Coca-Cola taps Google tech for digital signage
- Coca-Cola is creating an in-house version of digital signage that makes use of a number of Google technologies instead of relying on off-the-shelf solutions, according to Fortune.
- The brand's goal is to place digital end caps on thousands of in-store points of sale. Greg Chambers, global group director of digital innovation at Coca-Cola, told Fortune that digital menu boards cost up to $40,000, making a more wide-scale rollout monetarily impractical.
- Coke tapped Google's Chromebits on the hardware side for processing power and connectivity, along with DoubleClick ad serving software and Google Cloud Platform services like machine learning and analytics to piece together an in-house version of its digital signage.
Coca-Cola is in the midst of re-evaluating its approach to digital strategy, especially after a handful of more experimental initiatives with the channel stalled out.
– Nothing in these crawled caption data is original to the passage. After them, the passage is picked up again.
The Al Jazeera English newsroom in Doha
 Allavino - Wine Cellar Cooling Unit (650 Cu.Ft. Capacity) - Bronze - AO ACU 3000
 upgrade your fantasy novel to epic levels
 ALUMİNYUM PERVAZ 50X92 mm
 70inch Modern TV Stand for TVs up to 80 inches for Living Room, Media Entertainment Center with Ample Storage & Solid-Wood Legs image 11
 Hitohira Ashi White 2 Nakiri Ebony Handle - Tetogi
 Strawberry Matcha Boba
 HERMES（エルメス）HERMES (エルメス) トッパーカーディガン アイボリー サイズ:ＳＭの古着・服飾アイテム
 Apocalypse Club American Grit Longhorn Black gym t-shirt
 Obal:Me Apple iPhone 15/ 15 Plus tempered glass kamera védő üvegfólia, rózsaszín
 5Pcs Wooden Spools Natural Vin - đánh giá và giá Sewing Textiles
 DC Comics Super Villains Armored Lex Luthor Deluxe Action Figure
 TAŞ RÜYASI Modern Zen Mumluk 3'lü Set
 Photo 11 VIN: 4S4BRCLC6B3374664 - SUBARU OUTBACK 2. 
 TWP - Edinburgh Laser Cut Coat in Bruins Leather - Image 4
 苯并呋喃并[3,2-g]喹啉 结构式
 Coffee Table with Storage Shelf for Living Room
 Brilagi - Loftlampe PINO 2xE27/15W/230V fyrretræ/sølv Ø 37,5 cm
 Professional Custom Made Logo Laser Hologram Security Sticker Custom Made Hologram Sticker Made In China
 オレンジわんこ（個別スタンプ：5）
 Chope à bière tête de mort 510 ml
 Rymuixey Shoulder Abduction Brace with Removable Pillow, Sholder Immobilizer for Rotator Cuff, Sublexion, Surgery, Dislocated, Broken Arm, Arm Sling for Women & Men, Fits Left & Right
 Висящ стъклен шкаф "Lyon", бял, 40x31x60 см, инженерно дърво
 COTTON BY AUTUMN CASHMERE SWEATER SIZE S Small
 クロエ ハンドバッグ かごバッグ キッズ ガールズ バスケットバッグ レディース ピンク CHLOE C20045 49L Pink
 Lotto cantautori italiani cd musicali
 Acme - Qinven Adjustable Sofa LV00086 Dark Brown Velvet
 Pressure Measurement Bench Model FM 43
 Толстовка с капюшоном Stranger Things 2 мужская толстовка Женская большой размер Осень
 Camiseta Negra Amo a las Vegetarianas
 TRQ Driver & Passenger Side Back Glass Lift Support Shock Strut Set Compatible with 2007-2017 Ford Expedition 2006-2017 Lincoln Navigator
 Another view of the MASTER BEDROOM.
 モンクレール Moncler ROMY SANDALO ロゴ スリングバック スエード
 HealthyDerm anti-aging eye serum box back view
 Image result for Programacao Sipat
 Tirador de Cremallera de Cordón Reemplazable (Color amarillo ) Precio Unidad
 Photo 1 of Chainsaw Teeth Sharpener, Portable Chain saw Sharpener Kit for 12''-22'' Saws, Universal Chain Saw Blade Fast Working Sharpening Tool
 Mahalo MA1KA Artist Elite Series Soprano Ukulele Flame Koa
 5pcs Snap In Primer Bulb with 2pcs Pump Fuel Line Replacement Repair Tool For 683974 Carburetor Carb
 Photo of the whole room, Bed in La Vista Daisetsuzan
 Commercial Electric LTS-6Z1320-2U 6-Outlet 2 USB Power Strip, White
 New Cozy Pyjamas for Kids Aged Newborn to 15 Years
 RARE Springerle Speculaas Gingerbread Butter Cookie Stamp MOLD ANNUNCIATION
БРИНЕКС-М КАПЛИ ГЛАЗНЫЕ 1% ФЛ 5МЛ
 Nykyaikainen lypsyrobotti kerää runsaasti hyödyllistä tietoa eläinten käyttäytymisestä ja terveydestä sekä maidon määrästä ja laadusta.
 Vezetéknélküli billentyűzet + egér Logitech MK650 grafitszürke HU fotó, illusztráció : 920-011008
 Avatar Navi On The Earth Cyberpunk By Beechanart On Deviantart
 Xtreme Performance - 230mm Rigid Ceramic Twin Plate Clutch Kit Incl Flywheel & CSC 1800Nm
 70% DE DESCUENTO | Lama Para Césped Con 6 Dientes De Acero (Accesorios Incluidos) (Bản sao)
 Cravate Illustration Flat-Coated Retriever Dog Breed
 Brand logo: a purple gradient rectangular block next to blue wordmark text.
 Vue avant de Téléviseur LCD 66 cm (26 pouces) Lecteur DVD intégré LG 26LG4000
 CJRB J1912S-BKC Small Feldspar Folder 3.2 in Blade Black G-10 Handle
Stemming from that, the brand recently hired its first Chief Digital Marketing Officer and is currently revamping its widely popular loyalty program to put a premium on digital elements and ease of use as well.
Coca-Cola's creation of its own version of digital signage and using essentially off-the-shelf technology from Google shows the brand is willing to continue to innovate and push its boundaries, though expense is limiting the project at the moment, per Chambers.
Out-of-home advertising, typically thought of as everything from billboards to in-store promotional material, is getting a boost in the digital and mobile age. On the digital side, messages can easily be altered on digital billboards and signage whereas non-digital versions have to be physically replaced in order to change up the message.
However, the real value here comes into play by combining the digital messaging with data from mobile devices. Marketers can use geotargeting to place personalized offers and message on digital signage to target down to a single person. Coke's digital signs use beacon technology to push offers to smartphone users passing by their endcaps in that regard.